Valtteri Bottas in qualifying for the 2021 Mexican Grand prix

Bottas led a Mercedes lock-out of the Mexican GP front row

Clive Mason/Getty Images

“Ha, ha, yes!!” You could hear the delight in Valtteri Bottas’s voice as Mercedes took an entirely unexpected pole position and front row lock-out for round 18 of an epic F1 season, in Mexico.

That’s right, Mexico. Where the Autodromo Hermanos Rodriguez is meant to play to the strengths of the Red Bull-Honda package.

It was the second pole in three races for Bottas as he broke the timing beam on his first Q3 run 0.15sec quicker than Lewis Hamilton could manage.

“This sport just continues to amaze me,” said his team principal, Toto Wolff. Friday and Saturday in Mexico City was the polar opposite of the corresponding days in Austin a fortnight ago. In Texas, Mercedes dominated the opening day before Red Bull recovered and stole pole. In Mexico, Red Bull dominated until Mercedes turned the tables in qualifying.

What surprised Wolff was that on the opening day the Red Bull onboard footage showed a car that could be turned into a corner and nailed with a constant steering angle, whereas Hamilton and Bottas needed multiple inputs with a car that appeared nothing like as benignly balanced. But then in qualifying, all that changed. Verstappen was sliding in Q1/Q2 and Bottas’s Mercedes at least, looked supremely drivable. Hamilton, although less happy, still managed to see off the Red Bulls.

Valtteri Bottas with Juan Manuel Fangio replica helmet

A replica of Juan Manuel Fangio’s helmet was the polesitter’s trophy, 70 years after the Argentinian’s first World Championship

Grand Prix Photo

Verstappen was missing three-and-a-half tenths to Bottas’s pole time but, in reality, the fight was closer than that.
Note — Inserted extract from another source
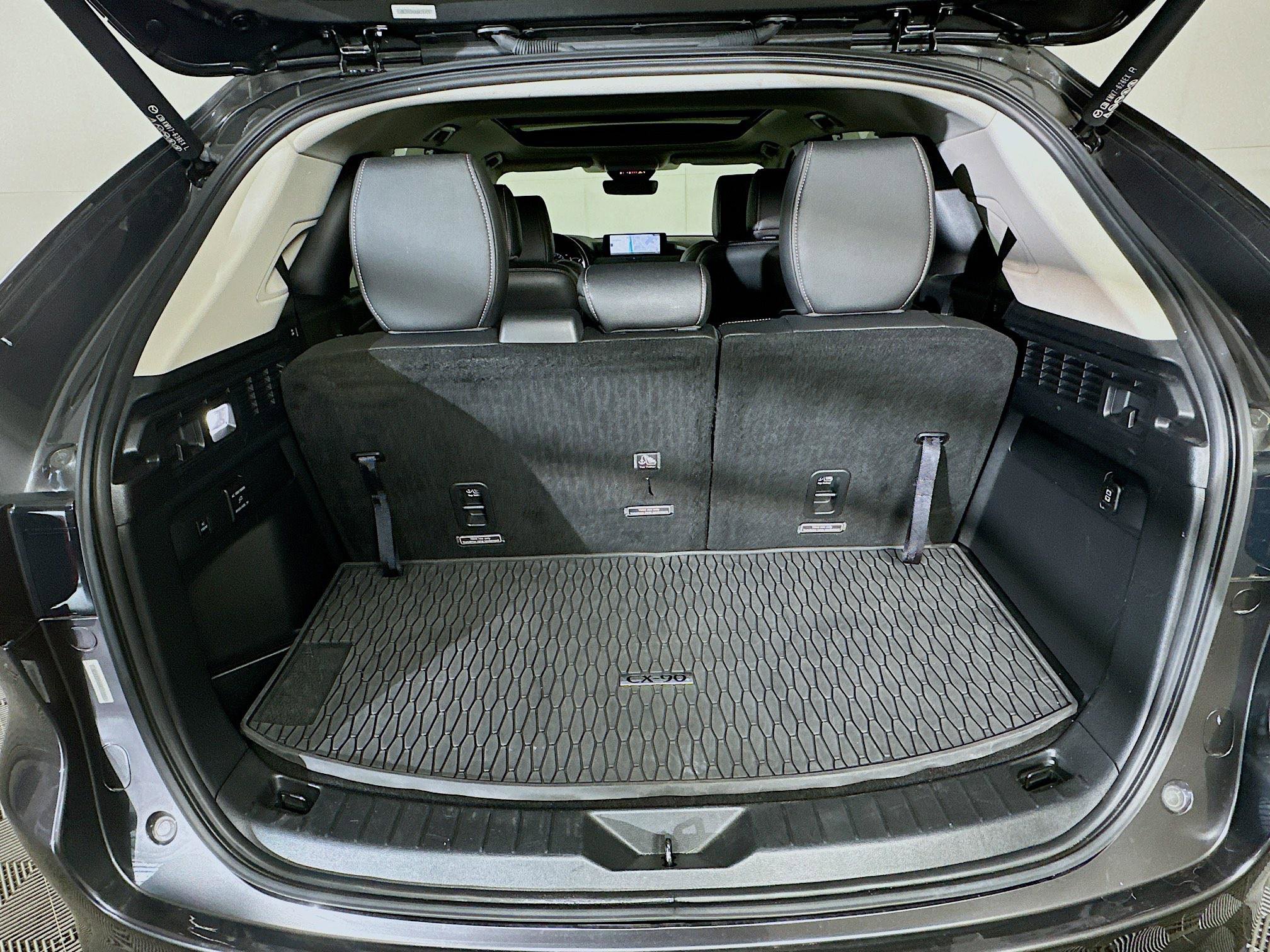 Used 2024 MAZDA CX-90 Plug-In Hybrid w/ Premium Pkg image 31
While Valtteri called it one of the best qualifying laps he’s ever driven, Verstappen was left frustrated after Alpha Tauri’s Yuki Tsunoda and Red Bull team-mate Sergio Perez both went off the road in front of him on his final Q3 run.

“My first Q3 lap was horrible, with just no grip,” Max explained, “but on the second run we found enough to fight for pole.”

But that fight was disrupted when he saw dust from the excursions ahead. “Unbelievable. Such a dumb idiot…” was his frustrated radio reaction, without clarifying whether the remark was aimed at Yuki or Sergio!

When he’d cooled down, he added: “I saw the dust, lifted off in Turn 10 and lost momentum. You try to recover in the last sector but it never works. It was just a bad qualifying and we deserve to be where we are.”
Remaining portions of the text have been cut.